Evolution of Attention Mechanism
Attention was firts introduced as part of seq-to-seq (Encoder-Decoder) models in the domain of Neural Machine Translation to translate text from one language to other language. Initial Architectures of encoder-decoder models were composed of encoder and decoder both are RNN’s, it is also possible to combine both simple RNN as part of encoder and GRU or LSTM for decoder , encoder takes sentence in source language as input and generates context vector of fixed lentgh , which would be passed as input to Decoder , Decoder takes the context vector and tries to map it to corresponding word or text in target language, this has few limitations as the single context vector generated by the encoder RNN could not capture the entire meaning of the sentence in source language which resulted less accurate results, especially as the length of the sequence grows the accuracy drops.

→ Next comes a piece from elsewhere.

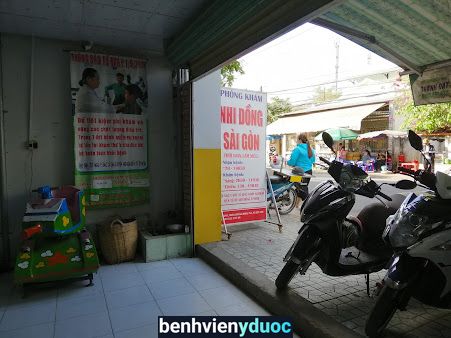 Phòng Khám Nhi Đồng Sài Gòn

Inorder to overcome the issues of initial seq-to-seq models, researchers came up with an approach to capture all hidden states of encoder pass them to decoder to capture the meaning or context , but now the challenge is to know which hidden state could be contributing more to find the next word in target language, this is not simple as the source and target languages have different semantics , researchers came up with an approach to build alignment model (Single Layer Feed Forward Neural Network) that takes hidden state of previous decoder timestep $S_{i-
1}$ and encoder hidden state $h_{j}$ vector to build context vector $C_{t}$ using alignment model , the alignment model computes the compatability scores between the previous decoder hidden state and each hidden state of encoder , thus computed compatability scores are passed through softmax function to normalize the scores, these scores are multiplied with each hidden state
of the encoder to calculate the weighted scores of the encoder hidden states, all these weighted hidden states are added which results in context vector this is passed as one of the inputs the Decoder timestep $S_{i}$ along with hidden state of previous decoder timestep, this lays the foundation for the Attention Mechanism, the attention that we discussed is Bahdanau Attention
this is also called Additive attention as we are adding all the context vectors to calculate the alignment scores, this triggered further improvements and Loung Attention proposed different ways to calculate alginment scores to calculate the relevance between each hiddent vector of encoder and current decoder state, as part of Loung attention they also managed to avoid
the alginment model, which reduces the number of parameters to be trained. Below is the reference picture of how Bahdanu Attention works
Attention in Transformers
The above mentioned attentions Bahdanau & Luong paved way for attention in Transformers, there are few disadvantages with the prior Attention mechanism major one being both of them are sequential in nature, as we process one token after the other this makes training process tedious and time taking, as we see the birth the of Large Language models that are trained on Billions of tokens, this would not have been possible without Self Attention which calculates these Attention scores in parallel which were referred as Alignment scores in Bahdanau & Loung Attentions, to make this parallel processing possible Self Attention follows below steps.
-
Tokenize Sentence - Breaks the sentence into tokens
-
Generate Embeddings for the tokens
-
Pass the Embeddings tokens through different Linear Layers to generate Q,K,V & O matrices, each linear layer has its corresponding weight matrices, $W_{Q}$ , $W_{K}$ $W_{V}$ & $W_{O}$ these weights are learned through the training process.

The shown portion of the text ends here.